- **Input**:
++++++++

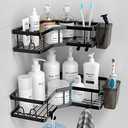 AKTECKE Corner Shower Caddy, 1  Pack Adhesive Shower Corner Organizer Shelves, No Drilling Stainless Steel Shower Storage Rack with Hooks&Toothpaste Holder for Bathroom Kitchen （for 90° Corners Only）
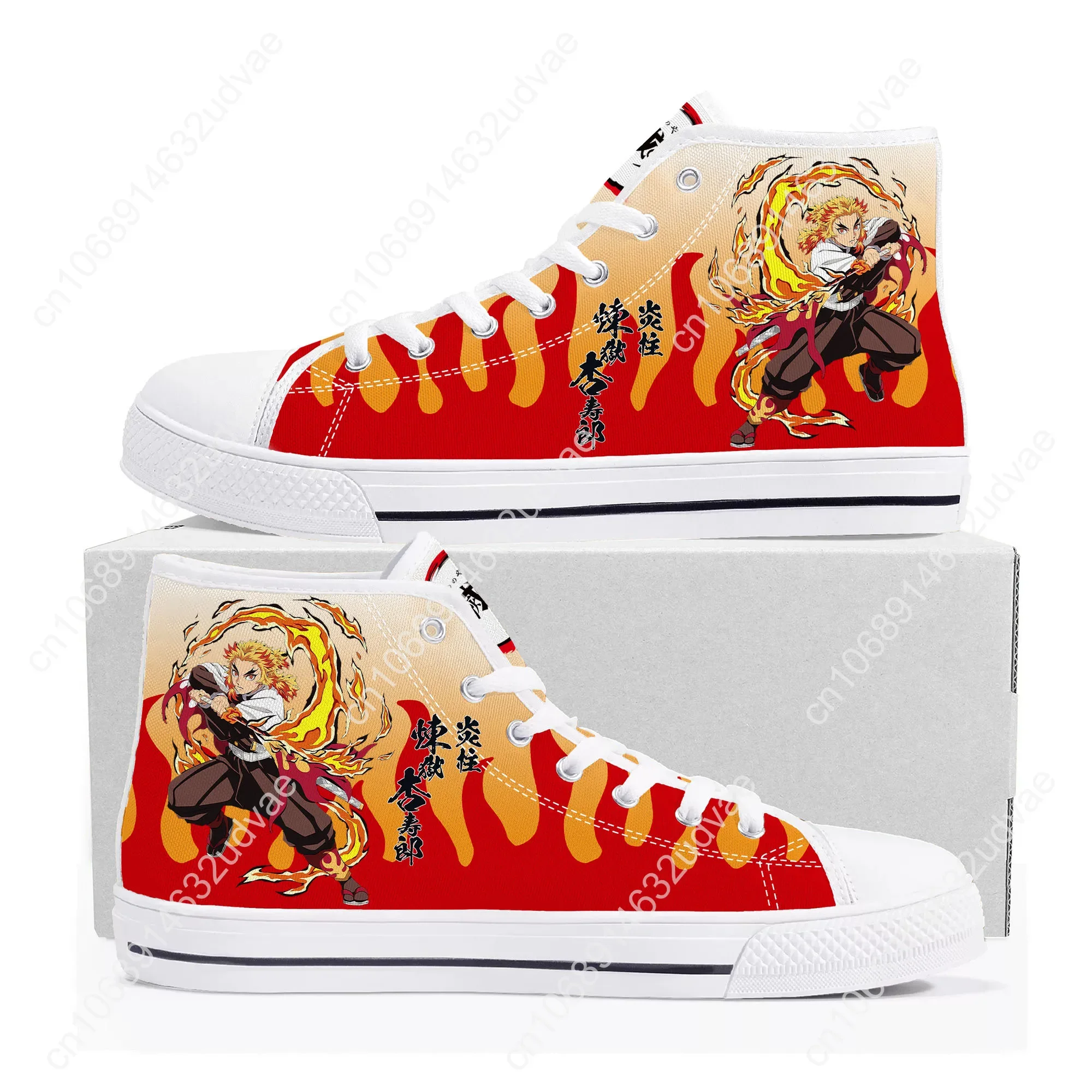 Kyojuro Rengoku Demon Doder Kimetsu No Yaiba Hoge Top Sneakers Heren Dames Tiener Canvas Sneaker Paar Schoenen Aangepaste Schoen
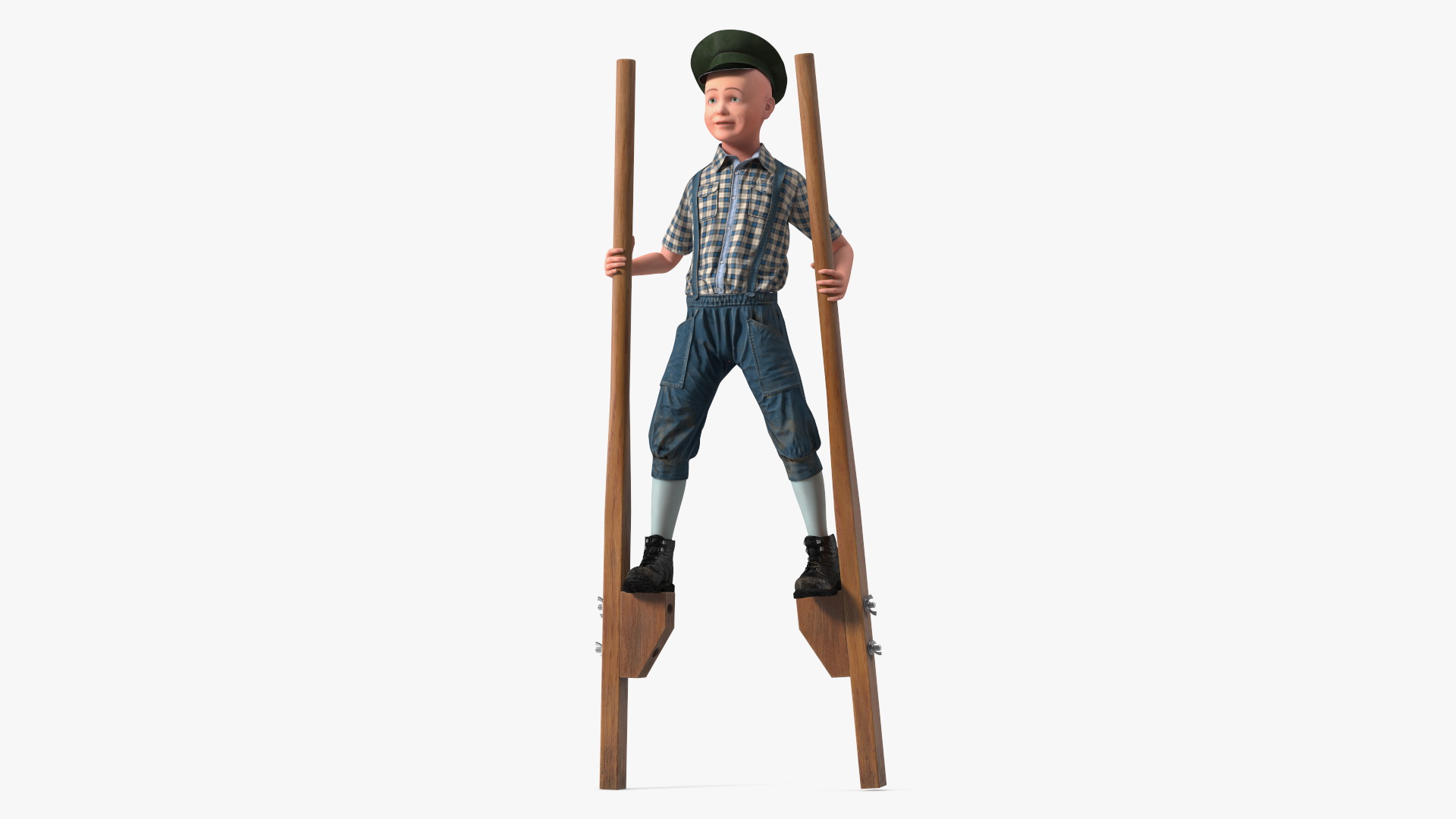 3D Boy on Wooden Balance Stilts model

++++++++

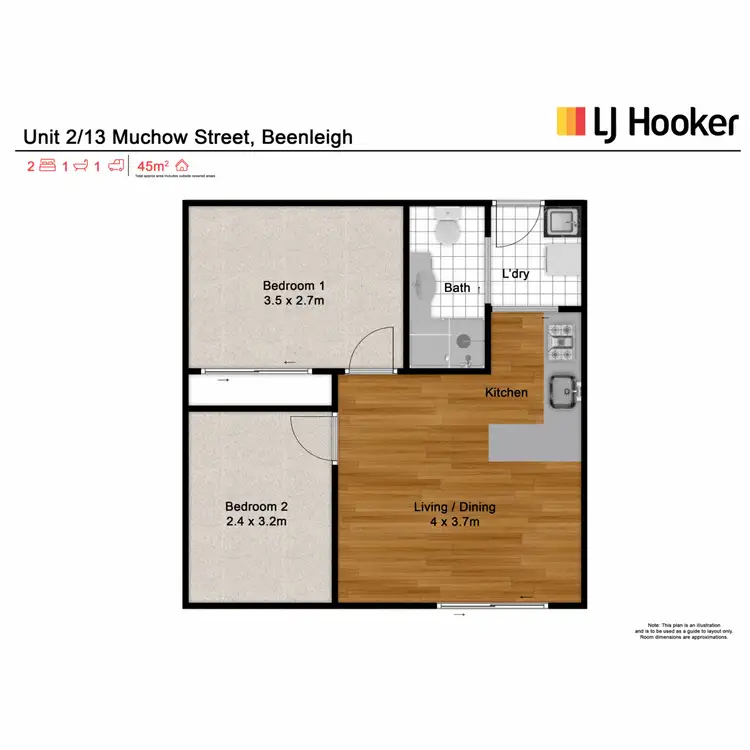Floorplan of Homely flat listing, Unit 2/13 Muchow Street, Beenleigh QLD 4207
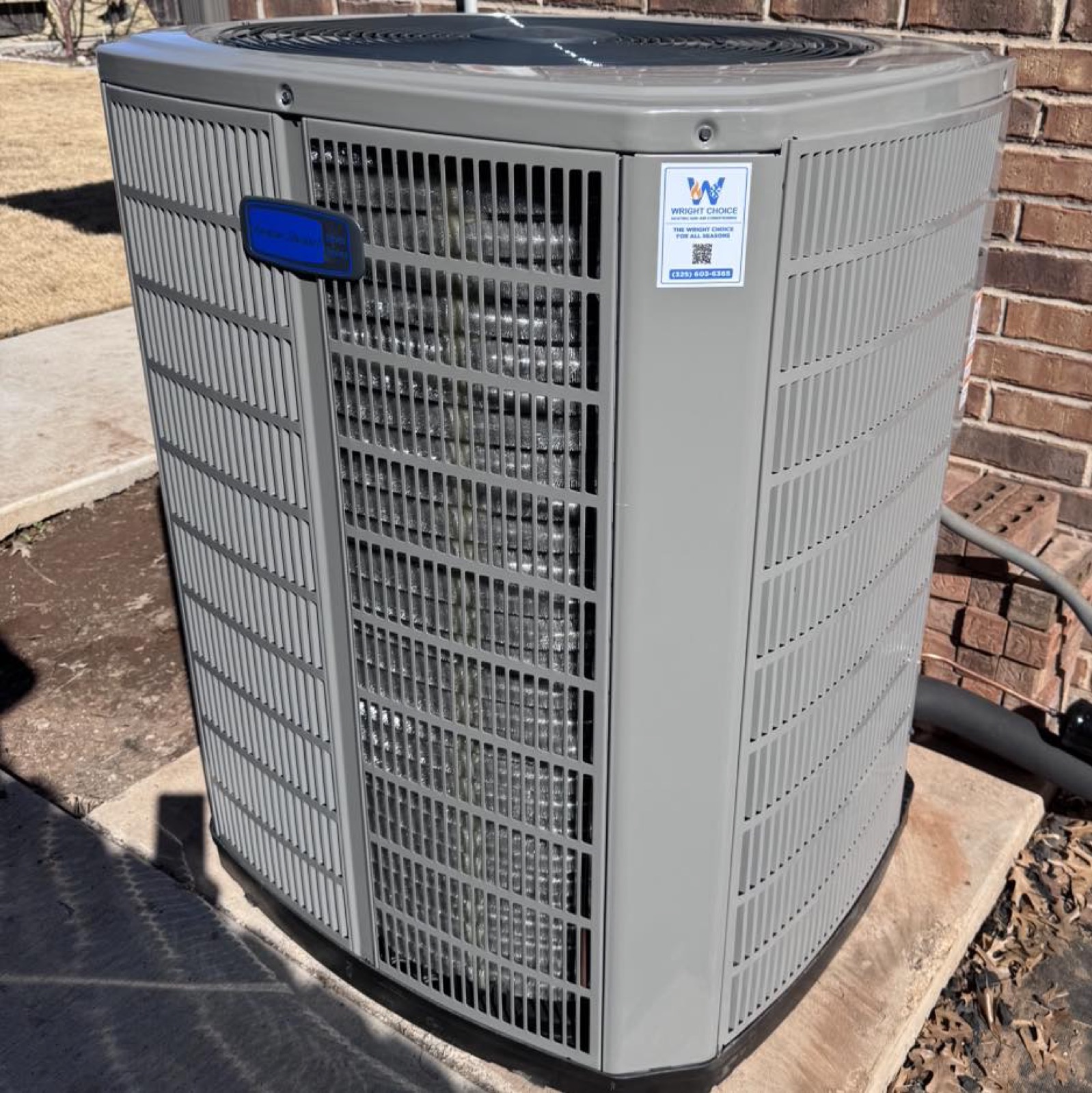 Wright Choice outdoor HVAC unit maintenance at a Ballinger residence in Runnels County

++++++++

- **Task statement**:
Extract from the material above the stretch running from the line containing "Kyojuro Rengoku Demon" through the line containing "3D Boy on Wooden Balance Stilts model". Keep the text exact and the pictures out.

- **Result for this task**:
 Kyojuro Rengoku Demon Doder Kimetsu No Yaiba Hoge Top Sneakers Heren Dames Tiener Canvas Sneaker Paar Schoenen Aangepaste Schoen
 3D Boy on Wooden Balance Stilts model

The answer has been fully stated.